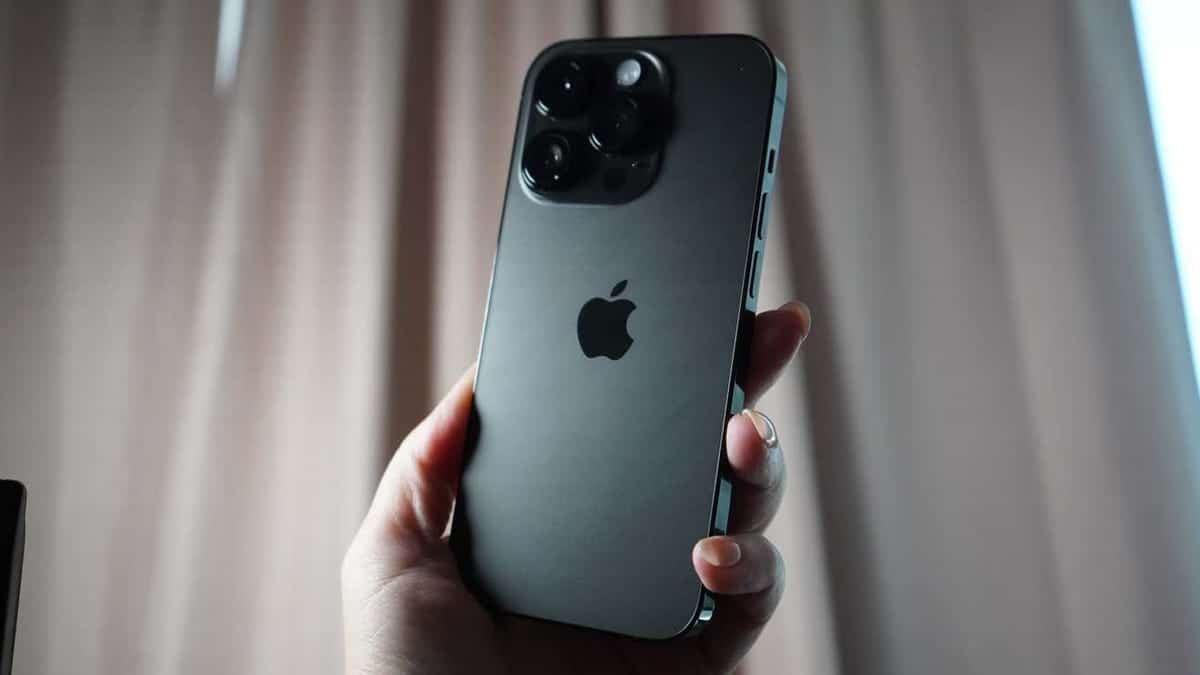 A hand holding an iPhone 12 Pro Max with a triple-camera system in front of a curtain, showcasing the phone's muted gray back and Apple logo, ideal for speeding up your iPhone with quick tips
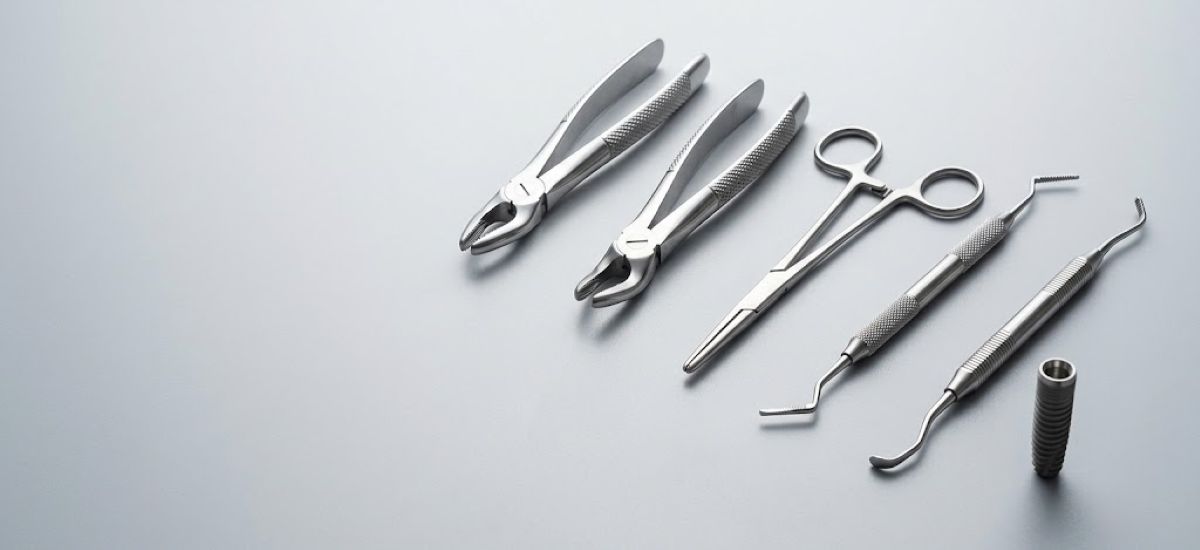 Extraction forceps, hemostat, dental tools, and a one-piece implant laid out on a gray surface
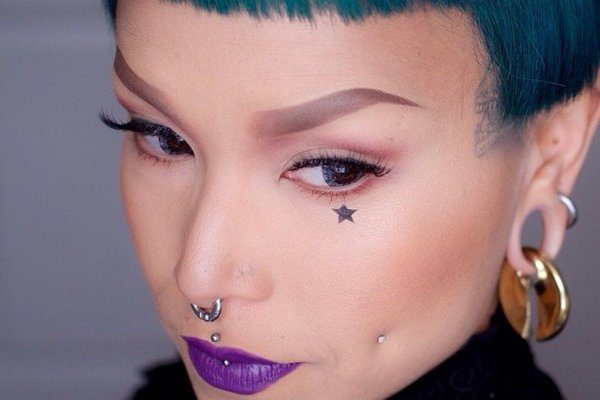 Creative cheek piercing stretch paired with earlobe jewelry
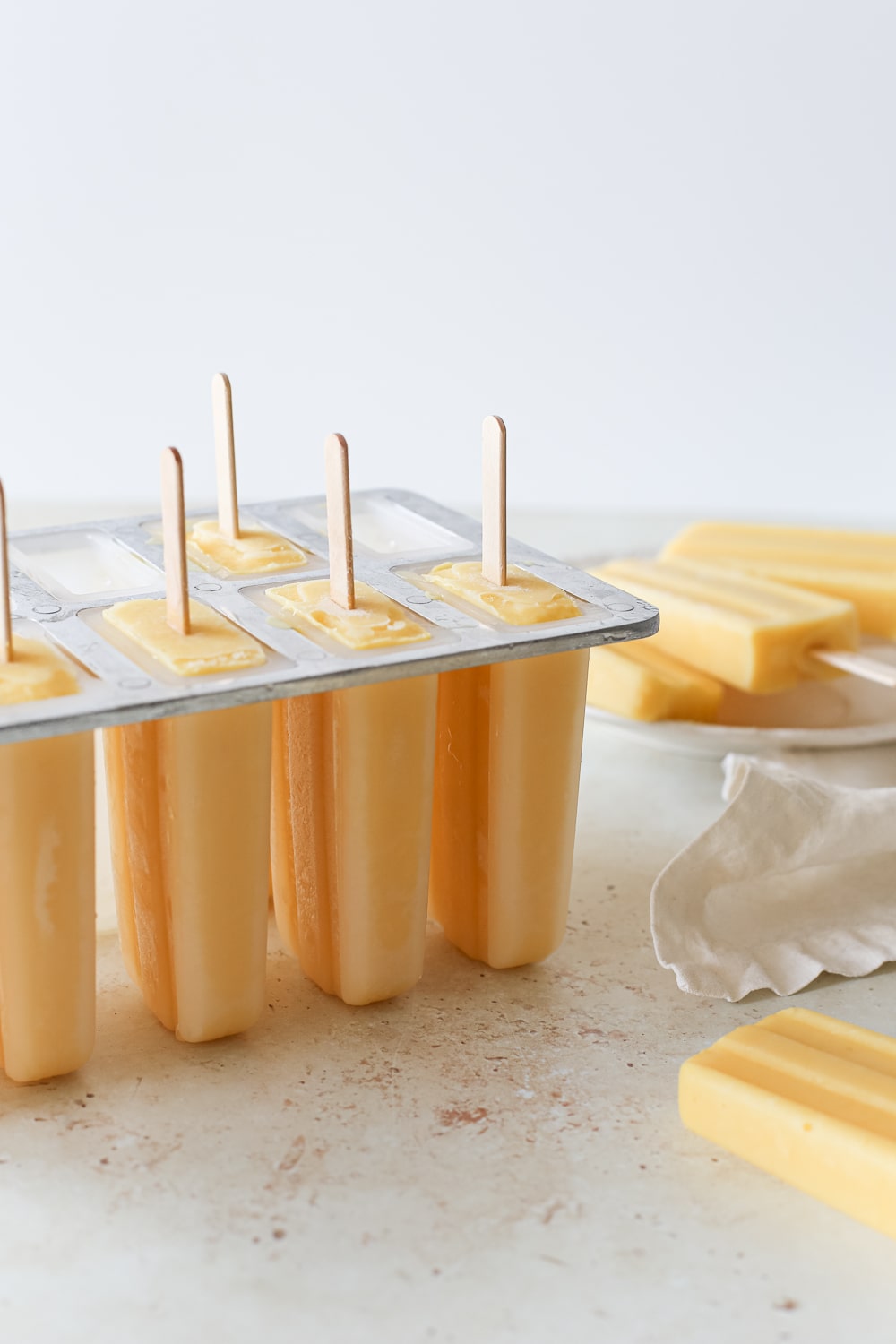 Frozen mango pineapple popsicles.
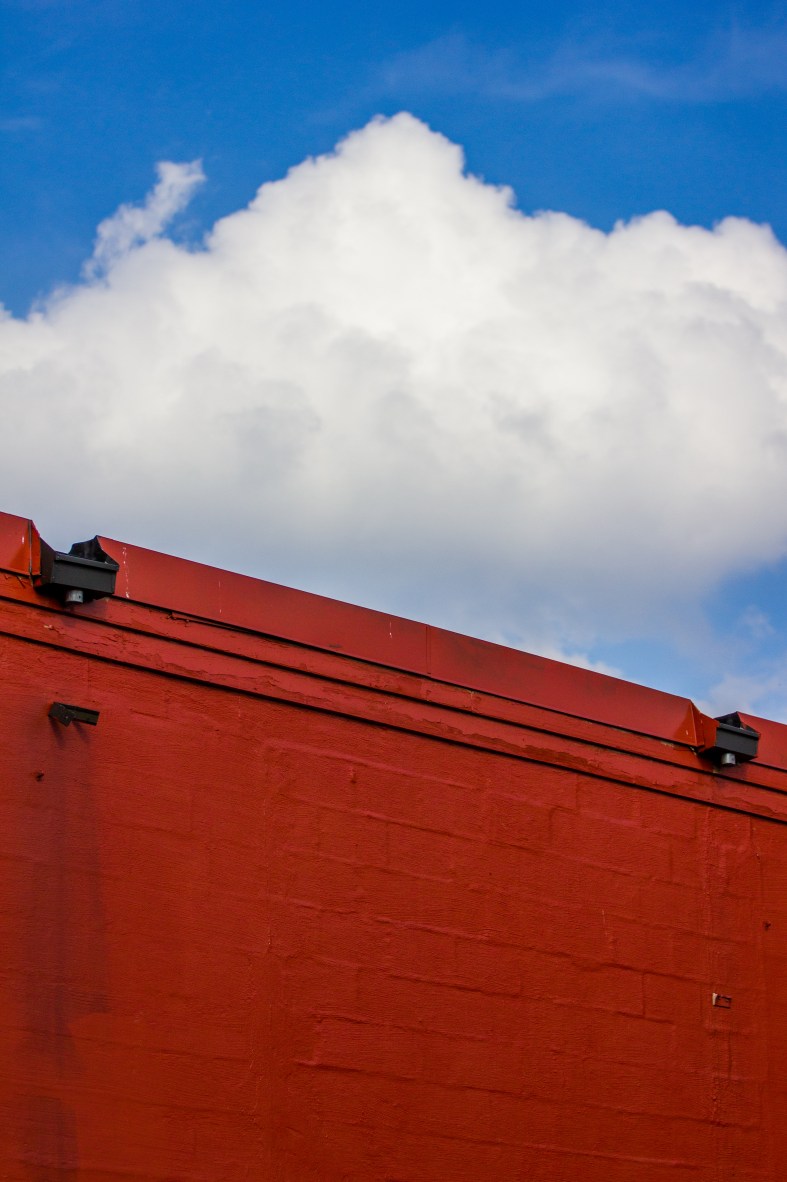 The blue sky contrasts the color of the back wall of a Summer Street building as seen from the bike path. September 12, 2013.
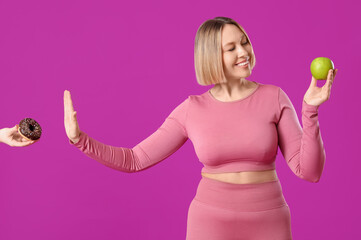 Pretty young woman in sportswear with apple refusing to eat donut on pink background. Weight loss...
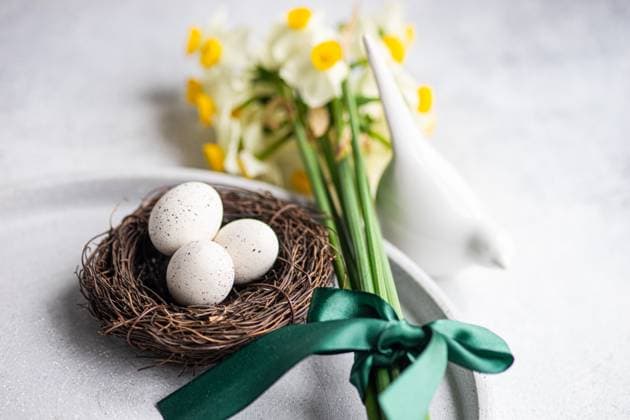 From above easter dinner table set with eggs in the nest and daffodil flowers on concrete background AnnaBogush_ID12998_395386_019 Copyright: xAnnaxBogushx Model Released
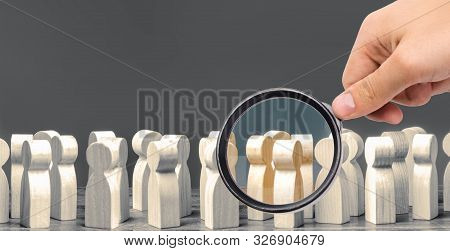 A Magnifying Glass Looks At A Crowd Of Wooden Figures Of People. Society, Demographic. Group Of Citi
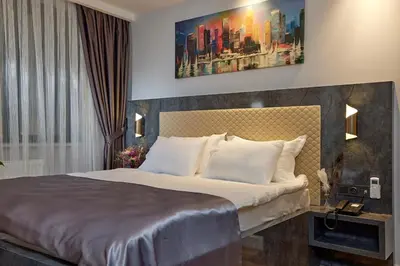 a hotel room with a bed and a painting on the wall at The Bold Hotel in Istanbul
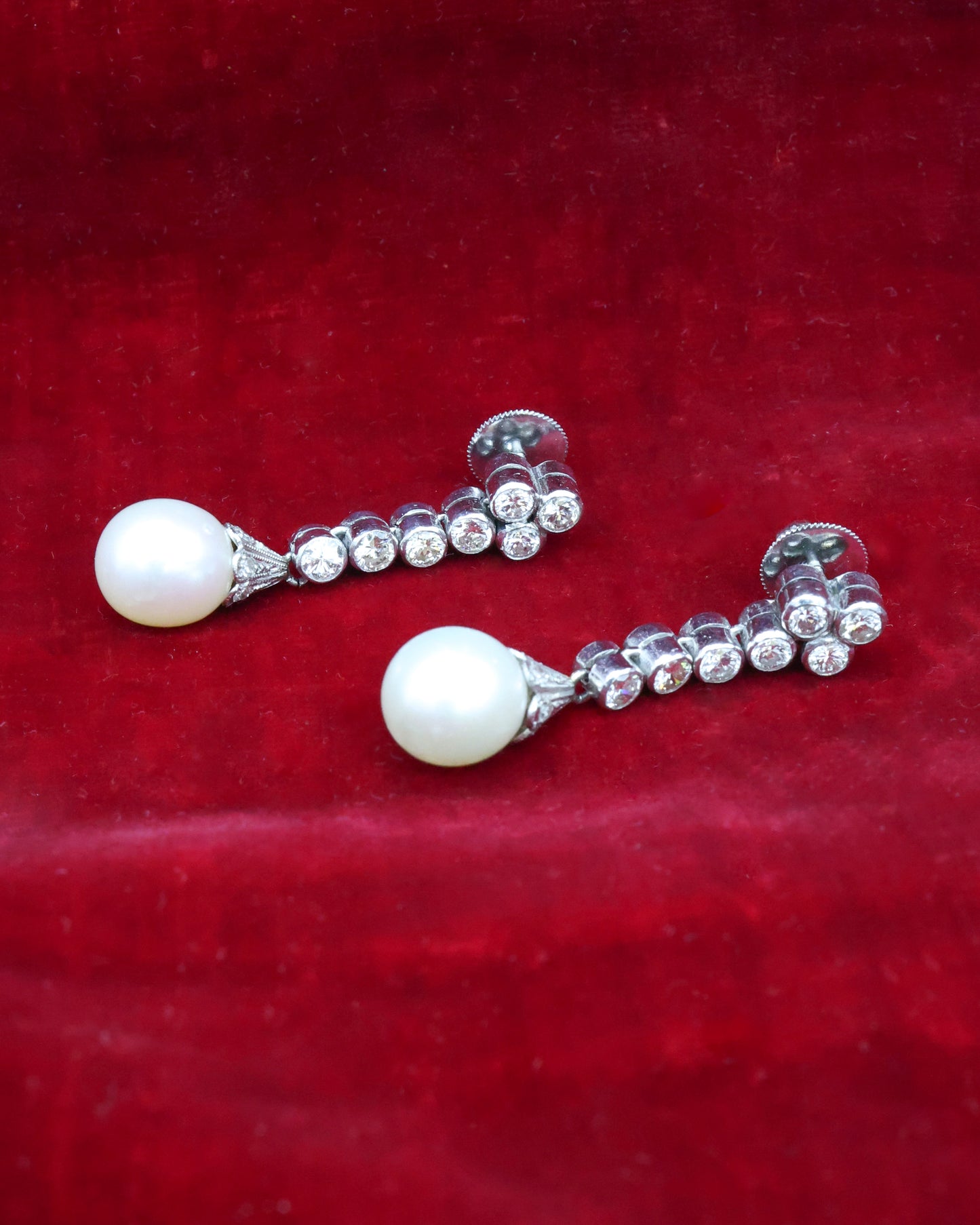 A fine pair of Platinum, Cultured Pearl & Diamond Drop Earrings. Circa 1950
════════════════
WORK REQUEST - Set down exactly, line for line, the data from the line that contains "Pretty young woman" through its last line, keeping pictures out.

EXPECTED OUTPUT -
 Pretty young woman in sportswear with apple refusing to eat donut on pink background. Weight loss...
 From above easter dinner table set with eggs in the nest and daffodil flowers on concrete background AnnaBogush_ID12998_395386_019 Copyright: xAnnaxBogushx Model Released
 A Magnifying Glass Looks At A Crowd Of Wooden Figures Of People. Society, Demographic. Group Of Citi
 a hotel room with a bed and a painting on the wall at The Bold Hotel in Istanbul
 A fine pair of Platinum, Cultured Pearl & Diamond Drop Earrings. Circa 1950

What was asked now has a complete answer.